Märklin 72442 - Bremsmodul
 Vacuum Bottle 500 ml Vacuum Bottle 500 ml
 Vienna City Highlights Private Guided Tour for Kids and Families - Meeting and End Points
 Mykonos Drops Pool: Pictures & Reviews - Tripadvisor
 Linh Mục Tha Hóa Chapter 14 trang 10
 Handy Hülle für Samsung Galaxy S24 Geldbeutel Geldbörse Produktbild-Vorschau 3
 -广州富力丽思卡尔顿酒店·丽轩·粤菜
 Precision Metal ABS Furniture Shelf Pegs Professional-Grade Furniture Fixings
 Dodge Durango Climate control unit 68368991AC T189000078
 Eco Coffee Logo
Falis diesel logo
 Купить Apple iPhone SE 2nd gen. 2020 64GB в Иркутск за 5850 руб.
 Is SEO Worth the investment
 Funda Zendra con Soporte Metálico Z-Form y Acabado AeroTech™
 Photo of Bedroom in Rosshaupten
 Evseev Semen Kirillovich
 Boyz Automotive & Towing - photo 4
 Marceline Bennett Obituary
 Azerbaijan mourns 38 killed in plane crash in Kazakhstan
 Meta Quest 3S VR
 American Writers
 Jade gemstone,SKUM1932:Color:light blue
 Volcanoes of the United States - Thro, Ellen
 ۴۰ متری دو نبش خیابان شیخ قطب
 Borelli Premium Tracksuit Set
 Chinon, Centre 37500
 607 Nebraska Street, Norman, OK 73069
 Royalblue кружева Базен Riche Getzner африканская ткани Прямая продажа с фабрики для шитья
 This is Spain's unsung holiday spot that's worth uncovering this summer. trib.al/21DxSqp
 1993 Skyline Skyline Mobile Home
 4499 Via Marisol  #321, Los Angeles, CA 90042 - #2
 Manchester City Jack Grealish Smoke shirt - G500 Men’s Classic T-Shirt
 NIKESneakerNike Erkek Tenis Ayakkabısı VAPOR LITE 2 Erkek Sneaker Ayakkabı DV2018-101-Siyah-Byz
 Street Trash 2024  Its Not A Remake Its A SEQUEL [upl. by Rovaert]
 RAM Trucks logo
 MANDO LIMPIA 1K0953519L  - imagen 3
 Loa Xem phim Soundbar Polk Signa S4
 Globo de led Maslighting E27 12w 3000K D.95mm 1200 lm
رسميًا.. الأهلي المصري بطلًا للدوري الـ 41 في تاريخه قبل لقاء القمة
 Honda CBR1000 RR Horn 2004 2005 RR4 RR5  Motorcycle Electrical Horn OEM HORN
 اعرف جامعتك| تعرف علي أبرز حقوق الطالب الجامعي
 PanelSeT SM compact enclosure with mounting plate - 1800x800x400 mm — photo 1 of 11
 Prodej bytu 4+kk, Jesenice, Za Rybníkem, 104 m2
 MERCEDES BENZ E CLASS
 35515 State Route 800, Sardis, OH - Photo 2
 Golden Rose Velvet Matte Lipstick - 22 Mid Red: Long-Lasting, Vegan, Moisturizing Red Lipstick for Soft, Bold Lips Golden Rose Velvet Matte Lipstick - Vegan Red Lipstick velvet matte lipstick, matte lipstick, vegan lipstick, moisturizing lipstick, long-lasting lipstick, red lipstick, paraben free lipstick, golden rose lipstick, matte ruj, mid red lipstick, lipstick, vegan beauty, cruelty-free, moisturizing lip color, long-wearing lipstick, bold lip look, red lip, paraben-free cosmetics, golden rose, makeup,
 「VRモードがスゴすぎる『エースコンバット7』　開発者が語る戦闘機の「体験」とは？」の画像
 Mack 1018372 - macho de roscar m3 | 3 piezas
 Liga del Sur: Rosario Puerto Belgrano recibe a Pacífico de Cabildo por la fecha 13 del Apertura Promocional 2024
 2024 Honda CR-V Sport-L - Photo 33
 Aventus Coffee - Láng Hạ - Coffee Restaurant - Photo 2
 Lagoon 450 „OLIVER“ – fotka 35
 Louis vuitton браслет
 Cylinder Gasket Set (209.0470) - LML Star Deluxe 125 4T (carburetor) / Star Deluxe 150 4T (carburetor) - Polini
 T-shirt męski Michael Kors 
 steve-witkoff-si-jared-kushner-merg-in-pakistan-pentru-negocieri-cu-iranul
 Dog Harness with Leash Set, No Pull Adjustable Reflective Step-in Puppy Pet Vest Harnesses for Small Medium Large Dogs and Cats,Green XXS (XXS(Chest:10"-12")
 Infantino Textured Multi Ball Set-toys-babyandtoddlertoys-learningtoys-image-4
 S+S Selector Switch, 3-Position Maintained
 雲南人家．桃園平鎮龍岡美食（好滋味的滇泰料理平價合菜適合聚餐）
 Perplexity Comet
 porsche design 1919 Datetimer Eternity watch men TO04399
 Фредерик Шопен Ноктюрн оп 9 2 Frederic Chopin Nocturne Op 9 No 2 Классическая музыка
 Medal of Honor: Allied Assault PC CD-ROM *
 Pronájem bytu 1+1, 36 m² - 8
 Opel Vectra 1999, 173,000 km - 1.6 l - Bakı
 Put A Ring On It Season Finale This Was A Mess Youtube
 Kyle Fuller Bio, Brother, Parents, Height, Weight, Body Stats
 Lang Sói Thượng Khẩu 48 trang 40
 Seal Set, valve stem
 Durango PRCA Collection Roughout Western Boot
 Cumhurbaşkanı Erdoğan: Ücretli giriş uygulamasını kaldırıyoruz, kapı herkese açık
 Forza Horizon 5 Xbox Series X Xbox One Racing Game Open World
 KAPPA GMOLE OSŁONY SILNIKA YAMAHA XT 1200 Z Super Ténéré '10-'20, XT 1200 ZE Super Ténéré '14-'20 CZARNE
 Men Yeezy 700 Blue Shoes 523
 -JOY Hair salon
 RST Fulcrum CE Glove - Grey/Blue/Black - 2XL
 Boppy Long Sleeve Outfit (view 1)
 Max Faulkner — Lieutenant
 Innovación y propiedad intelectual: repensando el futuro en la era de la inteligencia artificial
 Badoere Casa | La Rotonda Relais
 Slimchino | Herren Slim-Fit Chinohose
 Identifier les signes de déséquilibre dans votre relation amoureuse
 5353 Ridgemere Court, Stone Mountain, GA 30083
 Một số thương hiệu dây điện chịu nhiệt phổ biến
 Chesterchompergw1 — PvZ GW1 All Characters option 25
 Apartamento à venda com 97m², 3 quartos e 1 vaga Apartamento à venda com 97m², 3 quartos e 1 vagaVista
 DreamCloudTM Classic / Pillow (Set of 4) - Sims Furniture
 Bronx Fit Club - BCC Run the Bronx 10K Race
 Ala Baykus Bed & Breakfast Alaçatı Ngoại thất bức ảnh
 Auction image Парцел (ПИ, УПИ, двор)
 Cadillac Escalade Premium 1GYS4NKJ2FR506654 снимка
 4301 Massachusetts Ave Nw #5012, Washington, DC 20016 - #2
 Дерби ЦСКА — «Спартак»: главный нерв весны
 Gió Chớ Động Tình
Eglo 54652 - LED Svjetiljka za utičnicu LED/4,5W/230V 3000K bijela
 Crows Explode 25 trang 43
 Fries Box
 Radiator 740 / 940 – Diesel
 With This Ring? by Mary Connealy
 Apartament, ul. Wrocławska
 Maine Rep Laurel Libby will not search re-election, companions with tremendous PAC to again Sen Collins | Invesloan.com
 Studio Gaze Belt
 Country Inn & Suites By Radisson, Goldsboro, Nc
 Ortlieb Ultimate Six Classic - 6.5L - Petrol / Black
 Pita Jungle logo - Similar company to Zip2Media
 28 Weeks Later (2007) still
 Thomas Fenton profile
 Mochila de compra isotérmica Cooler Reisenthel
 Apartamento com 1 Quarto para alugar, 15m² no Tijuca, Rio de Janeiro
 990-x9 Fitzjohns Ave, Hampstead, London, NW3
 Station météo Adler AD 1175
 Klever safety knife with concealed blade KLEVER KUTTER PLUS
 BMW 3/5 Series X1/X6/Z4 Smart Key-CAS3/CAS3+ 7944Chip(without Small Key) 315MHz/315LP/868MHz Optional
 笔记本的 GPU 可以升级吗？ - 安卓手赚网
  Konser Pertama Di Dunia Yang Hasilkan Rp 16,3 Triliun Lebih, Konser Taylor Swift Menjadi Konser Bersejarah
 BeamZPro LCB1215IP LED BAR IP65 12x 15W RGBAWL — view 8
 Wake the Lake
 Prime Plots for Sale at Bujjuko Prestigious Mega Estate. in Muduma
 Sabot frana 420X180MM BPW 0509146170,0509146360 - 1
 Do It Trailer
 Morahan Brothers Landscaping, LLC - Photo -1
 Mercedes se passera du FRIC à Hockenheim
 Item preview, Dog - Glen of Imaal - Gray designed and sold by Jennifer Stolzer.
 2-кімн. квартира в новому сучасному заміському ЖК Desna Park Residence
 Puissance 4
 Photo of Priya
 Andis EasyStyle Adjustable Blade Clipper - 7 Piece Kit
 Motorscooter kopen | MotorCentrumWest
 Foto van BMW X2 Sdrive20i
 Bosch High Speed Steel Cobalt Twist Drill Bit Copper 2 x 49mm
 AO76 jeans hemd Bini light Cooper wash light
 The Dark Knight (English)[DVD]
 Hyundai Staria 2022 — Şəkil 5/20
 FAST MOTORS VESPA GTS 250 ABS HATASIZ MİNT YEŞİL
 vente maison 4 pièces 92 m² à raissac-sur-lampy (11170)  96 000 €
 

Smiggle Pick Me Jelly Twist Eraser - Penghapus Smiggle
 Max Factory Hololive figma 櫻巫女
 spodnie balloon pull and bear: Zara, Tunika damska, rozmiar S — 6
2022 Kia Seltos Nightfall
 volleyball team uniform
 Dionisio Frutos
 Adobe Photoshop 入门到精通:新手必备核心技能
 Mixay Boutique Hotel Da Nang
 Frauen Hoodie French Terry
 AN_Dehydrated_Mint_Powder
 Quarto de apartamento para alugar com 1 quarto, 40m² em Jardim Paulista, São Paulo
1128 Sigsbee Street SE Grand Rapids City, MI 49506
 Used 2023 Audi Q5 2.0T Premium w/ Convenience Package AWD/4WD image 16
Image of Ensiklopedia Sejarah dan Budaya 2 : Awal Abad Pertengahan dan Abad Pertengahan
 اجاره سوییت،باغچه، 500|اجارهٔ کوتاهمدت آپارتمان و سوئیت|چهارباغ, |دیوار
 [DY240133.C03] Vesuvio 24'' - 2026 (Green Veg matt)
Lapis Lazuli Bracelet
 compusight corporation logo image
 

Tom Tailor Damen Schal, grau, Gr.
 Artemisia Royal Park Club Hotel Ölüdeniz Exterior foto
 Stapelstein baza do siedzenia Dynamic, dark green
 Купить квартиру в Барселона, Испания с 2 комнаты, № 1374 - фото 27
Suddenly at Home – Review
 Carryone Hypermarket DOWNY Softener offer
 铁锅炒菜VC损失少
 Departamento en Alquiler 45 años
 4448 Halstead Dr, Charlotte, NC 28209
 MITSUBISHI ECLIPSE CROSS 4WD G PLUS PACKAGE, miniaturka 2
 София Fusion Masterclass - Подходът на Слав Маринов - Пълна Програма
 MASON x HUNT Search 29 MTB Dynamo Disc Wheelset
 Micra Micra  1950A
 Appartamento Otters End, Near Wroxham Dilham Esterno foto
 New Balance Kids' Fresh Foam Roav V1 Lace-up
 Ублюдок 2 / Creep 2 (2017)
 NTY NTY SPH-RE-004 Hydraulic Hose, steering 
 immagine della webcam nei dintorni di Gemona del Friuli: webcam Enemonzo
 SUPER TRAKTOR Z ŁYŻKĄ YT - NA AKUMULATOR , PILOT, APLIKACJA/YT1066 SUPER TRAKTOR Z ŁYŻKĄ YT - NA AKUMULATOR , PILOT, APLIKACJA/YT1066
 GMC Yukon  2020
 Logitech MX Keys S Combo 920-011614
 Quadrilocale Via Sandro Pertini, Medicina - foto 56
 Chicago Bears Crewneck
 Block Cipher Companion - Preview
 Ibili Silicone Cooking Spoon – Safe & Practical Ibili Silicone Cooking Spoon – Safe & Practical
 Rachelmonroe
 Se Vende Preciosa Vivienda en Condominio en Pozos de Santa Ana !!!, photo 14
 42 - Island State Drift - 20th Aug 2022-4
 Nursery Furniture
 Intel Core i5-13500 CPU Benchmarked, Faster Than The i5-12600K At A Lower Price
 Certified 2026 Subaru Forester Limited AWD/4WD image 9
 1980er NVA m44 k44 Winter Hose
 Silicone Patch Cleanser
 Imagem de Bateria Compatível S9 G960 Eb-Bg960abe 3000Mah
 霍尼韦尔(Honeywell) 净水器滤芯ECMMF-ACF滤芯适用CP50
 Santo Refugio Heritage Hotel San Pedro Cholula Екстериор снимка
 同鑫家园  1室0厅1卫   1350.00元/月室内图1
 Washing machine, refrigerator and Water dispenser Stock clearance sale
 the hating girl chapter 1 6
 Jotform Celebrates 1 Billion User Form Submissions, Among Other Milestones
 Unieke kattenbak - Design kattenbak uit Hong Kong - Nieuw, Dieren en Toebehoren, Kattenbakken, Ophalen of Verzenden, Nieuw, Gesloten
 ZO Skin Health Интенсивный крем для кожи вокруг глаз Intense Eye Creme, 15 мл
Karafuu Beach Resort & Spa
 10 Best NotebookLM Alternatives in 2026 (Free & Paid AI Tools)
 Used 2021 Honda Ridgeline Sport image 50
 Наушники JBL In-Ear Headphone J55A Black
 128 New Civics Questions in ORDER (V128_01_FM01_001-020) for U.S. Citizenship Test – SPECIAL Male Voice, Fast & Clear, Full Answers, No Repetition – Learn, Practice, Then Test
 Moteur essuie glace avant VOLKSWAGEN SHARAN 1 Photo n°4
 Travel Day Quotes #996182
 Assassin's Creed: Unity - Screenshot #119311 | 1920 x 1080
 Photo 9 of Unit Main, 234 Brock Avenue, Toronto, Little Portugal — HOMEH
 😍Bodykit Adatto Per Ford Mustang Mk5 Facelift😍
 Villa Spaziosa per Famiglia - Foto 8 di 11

Instructions for the task:
The response should hold exactly the lines starting at the line with "Forza Horizon 5" and ending at the line with "Eglo 54652 - LED", and no other line of the material above.

Result of this exercise:
 Forza Horizon 5 Xbox Series X Xbox One Racing Game Open World
 KAPPA GMOLE OSŁONY SILNIKA YAMAHA XT 1200 Z Super Ténéré '10-'20, XT 1200 ZE Super Ténéré '14-'20 CZARNE
 Men Yeezy 700 Blue Shoes 523
 -JOY Hair salon
 RST Fulcrum CE Glove - Grey/Blue/Black - 2XL
 Boppy Long Sleeve Outfit (view 1)
 Max Faulkner — Lieutenant
 Innovación y propiedad intelectual: repensando el futuro en la era de la inteligencia artificial
 Badoere Casa | La Rotonda Relais
 Slimchino | Herren Slim-Fit Chinohose
 Identifier les signes de déséquilibre dans votre relation amoureuse
 5353 Ridgemere Court, Stone Mountain, GA 30083
 Một số thương hiệu dây điện chịu nhiệt phổ biến
 Chesterchompergw1 — PvZ GW1 All Characters option 25
 Apartamento à venda com 97m², 3 quartos e 1 vaga Apartamento à venda com 97m², 3 quartos e 1 vagaVista
 DreamCloudTM Classic / Pillow (Set of 4) - Sims Furniture
 Bronx Fit Club - BCC Run the Bronx 10K Race
 Ala Baykus Bed & Breakfast Alaçatı Ngoại thất bức ảnh
 Auction image Парцел (ПИ, УПИ, двор)
 Cadillac Escalade Premium 1GYS4NKJ2FR506654 снимка
 4301 Massachusetts Ave Nw #5012, Washington, DC 20016 - #2
 Дерби ЦСКА — «Спартак»: главный нерв весны
 Gió Chớ Động Tình
Eglo 54652 - LED Svjetiljka za utičnicu LED/4,5W/230V 3000K bijela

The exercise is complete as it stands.